--- TO DO ---
Repeat the data below exactly, with every entry included.

═════ DATA

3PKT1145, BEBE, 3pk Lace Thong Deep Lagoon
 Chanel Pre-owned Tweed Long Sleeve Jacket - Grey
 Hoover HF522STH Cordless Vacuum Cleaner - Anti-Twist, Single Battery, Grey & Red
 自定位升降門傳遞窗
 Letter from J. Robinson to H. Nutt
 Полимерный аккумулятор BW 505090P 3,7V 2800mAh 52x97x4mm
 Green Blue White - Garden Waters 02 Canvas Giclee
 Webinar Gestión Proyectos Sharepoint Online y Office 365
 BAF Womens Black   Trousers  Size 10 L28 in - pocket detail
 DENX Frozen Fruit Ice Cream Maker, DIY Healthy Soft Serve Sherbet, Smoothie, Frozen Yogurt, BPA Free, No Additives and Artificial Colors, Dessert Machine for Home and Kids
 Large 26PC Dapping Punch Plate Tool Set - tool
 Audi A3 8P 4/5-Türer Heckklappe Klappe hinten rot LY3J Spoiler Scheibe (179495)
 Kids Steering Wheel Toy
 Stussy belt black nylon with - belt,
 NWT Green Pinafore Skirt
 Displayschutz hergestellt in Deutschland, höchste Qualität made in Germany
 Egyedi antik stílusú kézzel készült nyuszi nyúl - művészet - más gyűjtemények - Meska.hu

══════════

--- TASK RESULT ---
3PKT1145, BEBE, 3pk Lace Thong Deep Lagoon
 Chanel Pre-owned Tweed Long Sleeve Jacket - Grey
 Hoover HF522STH Cordless Vacuum Cleaner - Anti-Twist, Single Battery, Grey & Red
 自定位升降門傳遞窗
 Letter from J. Robinson to H. Nutt
 Полимерный аккумулятор BW 505090P 3,7V 2800mAh 52x97x4mm
 Green Blue White - Garden Waters 02 Canvas Giclee
 Webinar Gestión Proyectos Sharepoint Online y Office 365
 BAF Womens Black   Trousers  Size 10 L28 in - pocket detail
 DENX Frozen Fruit Ice Cream Maker, DIY Healthy Soft Serve Sherbet, Smoothie, Frozen Yogurt, BPA Free, No Additives and Artificial Colors, Dessert Machine for Home and Kids
 Large 26PC Dapping Punch Plate Tool Set - tool
 Audi A3 8P 4/5-Türer Heckklappe Klappe hinten rot LY3J Spoiler Scheibe (179495)
 Kids Steering Wheel Toy
 Stussy belt black nylon with - belt,
 NWT Green Pinafore Skirt
 Displayschutz hergestellt in Deutschland, höchste Qualität made in Germany
 Egyedi antik stílusú kézzel készült nyuszi nyúl - művészet - más gyűjtemények - Meska.hu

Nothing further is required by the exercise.